Twelve years is the longest I’ve ever lasted. Twelve years for a relationship, twelve years for a company. It’s my internal shelf life, the time it takes for my curiosity to exhaust a landscape.
After that, everything starts to shrink, as if cities, houses, and chapters came with a built-in countdown.
I’m not sure if it’s a problem with endings or a devotion to beginnings.
Even when I got married, I wasn’t looking for “forever.” I was in love and I wanted to celebrate it. Marriage was just that: a party, a gesture, a way of saying this exists now and wanting to share it with the people I love.
But I struggle with standing still. Karen would say I’m a dopamine ju**ie.

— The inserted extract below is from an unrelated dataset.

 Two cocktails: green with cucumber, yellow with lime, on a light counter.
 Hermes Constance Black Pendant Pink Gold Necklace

People often ask me a question that always catches me off guard: “How long are you in Barcelona for?”
As if I’m always just passing through. As if staying were an anomaly rather than a choice.

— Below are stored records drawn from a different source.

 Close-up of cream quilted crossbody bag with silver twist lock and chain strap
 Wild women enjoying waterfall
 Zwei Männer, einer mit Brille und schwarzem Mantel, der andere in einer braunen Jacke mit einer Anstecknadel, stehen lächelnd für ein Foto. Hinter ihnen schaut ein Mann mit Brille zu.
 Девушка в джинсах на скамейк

I don’t see life as a straight line, a series of milestones to be checked off until a final destination justifies the journey. As long as I have my health, I feel I can start over as many times as I want. And that, apparently, makes people more uncomfortable than I expected.
In my early twenties, a numerologist told me she saw an obsession with freedom in my life, but also a certain fear. At the time, I thought she was a fraud. Years later, I’m not so sure.
There is a very specific anguish in not having a script. We crave freedom, but we are terrified of sustaining it. We seek it, we idealize it, and then, almost instinctively, we try to hand it over to someone or something that can relieve us of the weight of choosing.
It took me years to realize it wasn’t just a personality trait; it was the classic fear of freedom. Thanks, Erich Fromm, for ruining my excuse.
And yet, I choose it anyway. Every single day. And yes, it’s a heavy thing to carry.